CNLS Student Seminar Series

Optimal Network Interdiction of Unreactive Markovian Evaders


A. Sasha Gutfraind
Cornell University, CNLS

The network interdiction problem arises in a variety of areas including military logistics, infectious disease control, and counter-terrorism. In the classical formulation the task is to find b edges to remove from a weighted network G(N,E) that maximally interfere with motion from a source node s to a target node t.

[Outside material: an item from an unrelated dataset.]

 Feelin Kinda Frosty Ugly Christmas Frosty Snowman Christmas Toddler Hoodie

In practical applications, G represents a transportation or activity network; node or edge removal is performed by an interdictor agent against an evader agent who wants to traverse G from node s to node t along the least-cost route. In many interdiction scenarios both agents have incomplete information or the evaders lack planning time. For example, in law enforcement, sometimes when authorities place roadblocks on the transportation network to catch criminals, the authorities do not know the criminals' locations and the criminals do not know where the roadblocks are.

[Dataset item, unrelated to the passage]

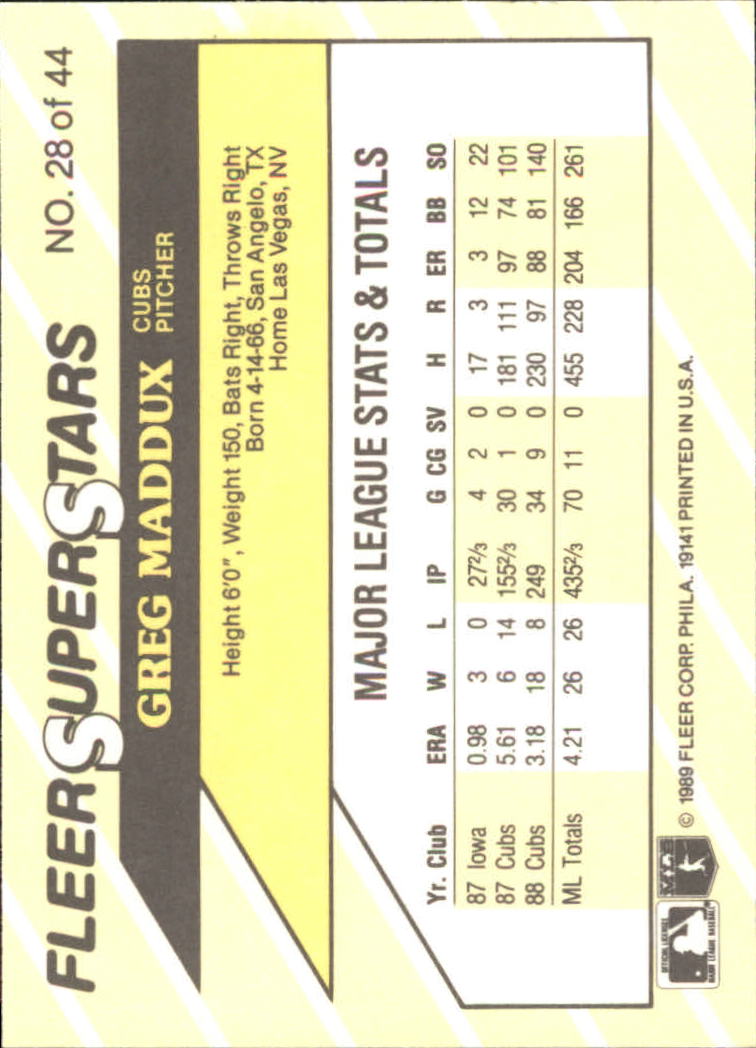 1989 Fleer Superstars #28 Greg Maddux back image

Consequently I introduce a model of network interdiction in which the evaders are assumed to take a Markovian random walk from s to t guided by the least-cost path and do not to react to interdiction decisions. The interdiction objective is to find an interdiction edge set, of size at most b, that maximizes the probability of the evaders passing through that set. I prove that this is NP-hard, but unlike the classical problem the objective function is submodular and the solution can be approximated within 1-1/e using a greedy algorithm. Additionally I exploit submodularity to introduce a ``priority'' (or ``lazy'') evaluation strategy that speeds up the greedy algorithm by orders of magnitude. These results bring closer the goal of finding realistic solutions to the interdiction problem on global-scale networks.